> _What needs to be done_: Find the line containing "turbo 8192481" in the records below. Copy exactly that line and each one after it, ending at the line containing "WhatsApp Image 2024-01-10", and nothing more.

(Dataset excerpts)
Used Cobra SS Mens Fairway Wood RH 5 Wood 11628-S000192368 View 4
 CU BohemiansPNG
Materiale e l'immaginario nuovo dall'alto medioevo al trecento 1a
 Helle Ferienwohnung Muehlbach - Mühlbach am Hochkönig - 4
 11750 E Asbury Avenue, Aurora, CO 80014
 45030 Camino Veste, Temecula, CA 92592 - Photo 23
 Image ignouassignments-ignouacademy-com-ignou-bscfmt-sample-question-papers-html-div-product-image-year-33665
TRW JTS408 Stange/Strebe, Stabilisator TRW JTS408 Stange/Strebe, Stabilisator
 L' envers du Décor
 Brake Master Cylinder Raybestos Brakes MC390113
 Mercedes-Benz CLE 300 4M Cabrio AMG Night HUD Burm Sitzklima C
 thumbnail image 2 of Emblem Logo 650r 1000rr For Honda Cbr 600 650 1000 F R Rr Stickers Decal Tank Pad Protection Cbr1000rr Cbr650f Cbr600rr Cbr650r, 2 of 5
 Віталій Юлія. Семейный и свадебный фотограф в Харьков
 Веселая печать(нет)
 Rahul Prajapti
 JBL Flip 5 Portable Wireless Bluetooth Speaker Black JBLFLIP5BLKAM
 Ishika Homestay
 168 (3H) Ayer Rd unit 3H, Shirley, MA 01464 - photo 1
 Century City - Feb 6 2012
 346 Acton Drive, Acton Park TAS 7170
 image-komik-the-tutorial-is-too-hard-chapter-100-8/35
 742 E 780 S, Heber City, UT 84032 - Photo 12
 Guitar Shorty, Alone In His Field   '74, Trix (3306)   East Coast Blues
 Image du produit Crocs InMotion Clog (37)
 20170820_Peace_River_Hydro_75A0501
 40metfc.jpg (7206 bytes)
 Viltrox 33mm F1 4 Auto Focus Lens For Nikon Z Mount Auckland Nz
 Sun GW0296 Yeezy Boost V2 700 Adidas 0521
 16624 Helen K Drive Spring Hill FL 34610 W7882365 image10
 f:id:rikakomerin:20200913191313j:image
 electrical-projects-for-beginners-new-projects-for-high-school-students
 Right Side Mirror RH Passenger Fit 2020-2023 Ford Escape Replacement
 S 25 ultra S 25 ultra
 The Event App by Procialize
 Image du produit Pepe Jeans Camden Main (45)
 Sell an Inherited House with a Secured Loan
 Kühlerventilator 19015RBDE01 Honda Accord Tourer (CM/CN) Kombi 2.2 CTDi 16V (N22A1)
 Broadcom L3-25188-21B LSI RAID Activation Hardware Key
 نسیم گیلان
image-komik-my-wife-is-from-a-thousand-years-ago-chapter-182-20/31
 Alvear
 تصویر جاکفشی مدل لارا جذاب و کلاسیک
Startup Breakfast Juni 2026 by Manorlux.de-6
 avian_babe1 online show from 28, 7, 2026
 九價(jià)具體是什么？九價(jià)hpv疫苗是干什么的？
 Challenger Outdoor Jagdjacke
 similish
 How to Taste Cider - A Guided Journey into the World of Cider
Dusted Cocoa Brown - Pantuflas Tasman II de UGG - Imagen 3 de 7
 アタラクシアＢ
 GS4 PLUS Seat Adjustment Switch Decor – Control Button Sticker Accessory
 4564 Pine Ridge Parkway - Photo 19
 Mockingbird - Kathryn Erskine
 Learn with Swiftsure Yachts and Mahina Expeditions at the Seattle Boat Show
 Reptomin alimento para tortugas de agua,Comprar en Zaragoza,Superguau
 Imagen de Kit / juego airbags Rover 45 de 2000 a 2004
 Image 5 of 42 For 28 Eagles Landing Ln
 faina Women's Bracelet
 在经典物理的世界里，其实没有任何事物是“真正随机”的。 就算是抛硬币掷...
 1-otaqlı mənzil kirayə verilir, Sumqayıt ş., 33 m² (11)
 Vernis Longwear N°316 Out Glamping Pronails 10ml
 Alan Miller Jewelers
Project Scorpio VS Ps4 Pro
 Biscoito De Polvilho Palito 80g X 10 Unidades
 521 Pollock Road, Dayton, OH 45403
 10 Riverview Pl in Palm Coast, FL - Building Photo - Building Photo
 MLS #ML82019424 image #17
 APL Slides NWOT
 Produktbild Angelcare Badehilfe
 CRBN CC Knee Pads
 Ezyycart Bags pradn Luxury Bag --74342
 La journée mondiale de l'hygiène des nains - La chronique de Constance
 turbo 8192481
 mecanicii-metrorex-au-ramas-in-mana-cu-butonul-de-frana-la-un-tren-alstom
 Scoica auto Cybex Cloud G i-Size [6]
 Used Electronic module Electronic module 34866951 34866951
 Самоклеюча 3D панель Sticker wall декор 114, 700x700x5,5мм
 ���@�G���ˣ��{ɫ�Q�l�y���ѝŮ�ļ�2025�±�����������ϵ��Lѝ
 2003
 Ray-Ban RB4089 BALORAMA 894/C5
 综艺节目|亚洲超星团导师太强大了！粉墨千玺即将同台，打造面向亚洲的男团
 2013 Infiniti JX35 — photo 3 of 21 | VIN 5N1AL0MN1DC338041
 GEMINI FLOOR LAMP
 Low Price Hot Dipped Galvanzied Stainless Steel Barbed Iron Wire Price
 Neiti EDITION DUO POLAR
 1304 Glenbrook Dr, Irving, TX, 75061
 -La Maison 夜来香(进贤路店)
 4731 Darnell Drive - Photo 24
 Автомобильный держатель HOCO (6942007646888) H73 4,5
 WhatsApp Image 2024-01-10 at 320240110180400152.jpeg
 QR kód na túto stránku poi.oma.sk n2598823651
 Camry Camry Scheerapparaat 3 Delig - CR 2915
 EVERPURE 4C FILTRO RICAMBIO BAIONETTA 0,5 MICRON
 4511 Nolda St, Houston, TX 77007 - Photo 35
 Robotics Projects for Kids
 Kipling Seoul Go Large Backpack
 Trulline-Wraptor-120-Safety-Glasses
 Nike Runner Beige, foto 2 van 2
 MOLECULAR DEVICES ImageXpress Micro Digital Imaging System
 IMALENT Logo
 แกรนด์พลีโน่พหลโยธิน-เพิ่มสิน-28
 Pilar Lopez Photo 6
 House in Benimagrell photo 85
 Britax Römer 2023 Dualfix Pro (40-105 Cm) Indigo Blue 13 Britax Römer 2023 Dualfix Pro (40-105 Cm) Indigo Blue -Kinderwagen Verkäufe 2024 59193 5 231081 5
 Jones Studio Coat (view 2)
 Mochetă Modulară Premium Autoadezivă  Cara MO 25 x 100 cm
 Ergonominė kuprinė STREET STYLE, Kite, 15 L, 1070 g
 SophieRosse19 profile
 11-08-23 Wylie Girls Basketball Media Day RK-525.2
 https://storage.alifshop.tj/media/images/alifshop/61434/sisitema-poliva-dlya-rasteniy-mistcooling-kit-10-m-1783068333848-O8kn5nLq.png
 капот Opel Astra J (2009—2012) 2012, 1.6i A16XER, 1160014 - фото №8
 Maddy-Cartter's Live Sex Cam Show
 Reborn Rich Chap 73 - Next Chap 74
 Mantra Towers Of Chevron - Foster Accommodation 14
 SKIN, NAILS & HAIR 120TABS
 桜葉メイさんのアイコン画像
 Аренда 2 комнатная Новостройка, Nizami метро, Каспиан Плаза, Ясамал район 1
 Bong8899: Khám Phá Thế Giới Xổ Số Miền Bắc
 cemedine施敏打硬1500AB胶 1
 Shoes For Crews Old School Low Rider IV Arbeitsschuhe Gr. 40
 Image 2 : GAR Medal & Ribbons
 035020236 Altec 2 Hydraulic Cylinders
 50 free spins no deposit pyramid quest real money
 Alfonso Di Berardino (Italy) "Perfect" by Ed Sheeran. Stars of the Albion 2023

> _Exercise response_:
 turbo 8192481
 mecanicii-metrorex-au-ramas-in-mana-cu-butonul-de-frana-la-un-tren-alstom
 Scoica auto Cybex Cloud G i-Size [6]
 Used Electronic module Electronic module 34866951 34866951
 Самоклеюча 3D панель Sticker wall декор 114, 700x700x5,5мм
 ���@�G���ˣ��{ɫ�Q�l�y���ѝŮ�ļ�2025�±�����������ϵ��Lѝ
 2003
 Ray-Ban RB4089 BALORAMA 894/C5
 综艺节目|亚洲超星团导师太强大了！粉墨千玺即将同台，打造面向亚洲的男团
 2013 Infiniti JX35 — photo 3 of 21 | VIN 5N1AL0MN1DC338041
 GEMINI FLOOR LAMP
 Low Price Hot Dipped Galvanzied Stainless Steel Barbed Iron Wire Price
 Neiti EDITION DUO POLAR
 1304 Glenbrook Dr, Irving, TX, 75061
 -La Maison 夜来香(进贤路店)
 4731 Darnell Drive - Photo 24
 Автомобильный держатель HOCO (6942007646888) H73 4,5
 WhatsApp Image 2024-01-10 at 320240110180400152.jpeg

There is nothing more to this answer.